**What you have to do**
The expected output is exactly the lines below, starting at the line with "Campo com duas" and ending at the line with "by James Mills", both included; no other line belongs in it.

+++ Records provided +++

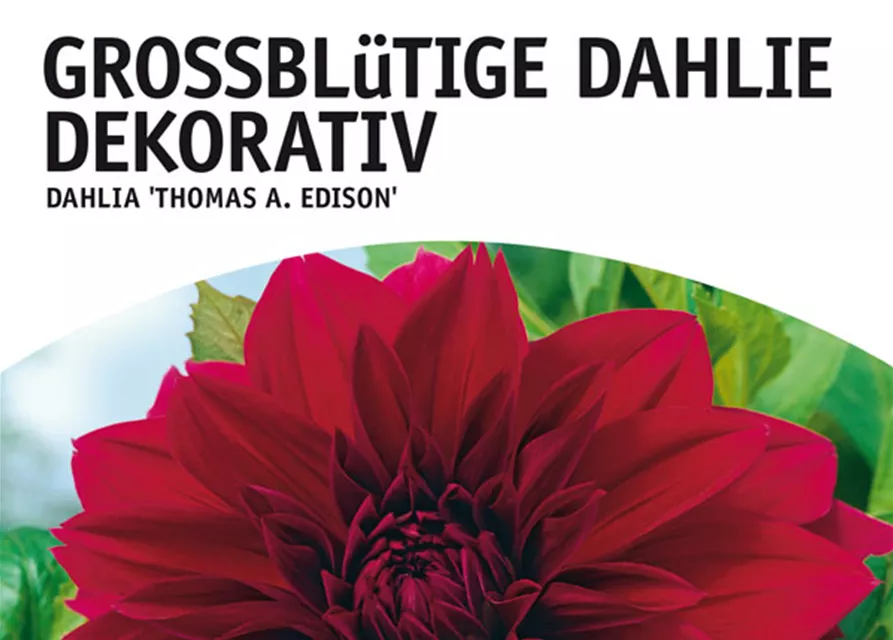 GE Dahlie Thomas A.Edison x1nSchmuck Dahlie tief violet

+++
+++ Records provided +++

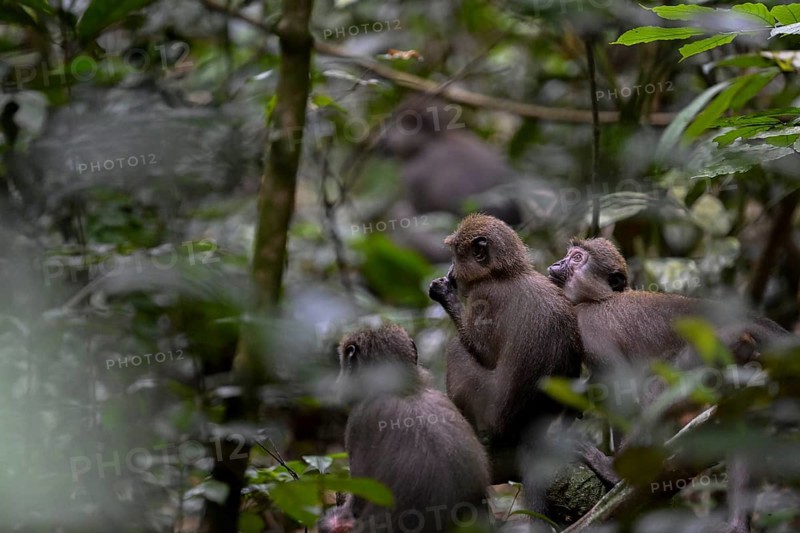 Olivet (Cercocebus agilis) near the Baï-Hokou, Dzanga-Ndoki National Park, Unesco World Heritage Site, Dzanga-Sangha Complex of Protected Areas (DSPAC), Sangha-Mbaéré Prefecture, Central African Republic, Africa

+++
+++ Records provided +++

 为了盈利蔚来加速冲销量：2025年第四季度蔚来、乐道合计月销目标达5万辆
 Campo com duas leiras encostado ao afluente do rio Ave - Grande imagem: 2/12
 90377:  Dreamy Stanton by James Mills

+++

**Answer box**
 Campo com duas leiras encostado ao afluente do rio Ave - Grande imagem: 2/12
 90377:  Dreamy Stanton by James Mills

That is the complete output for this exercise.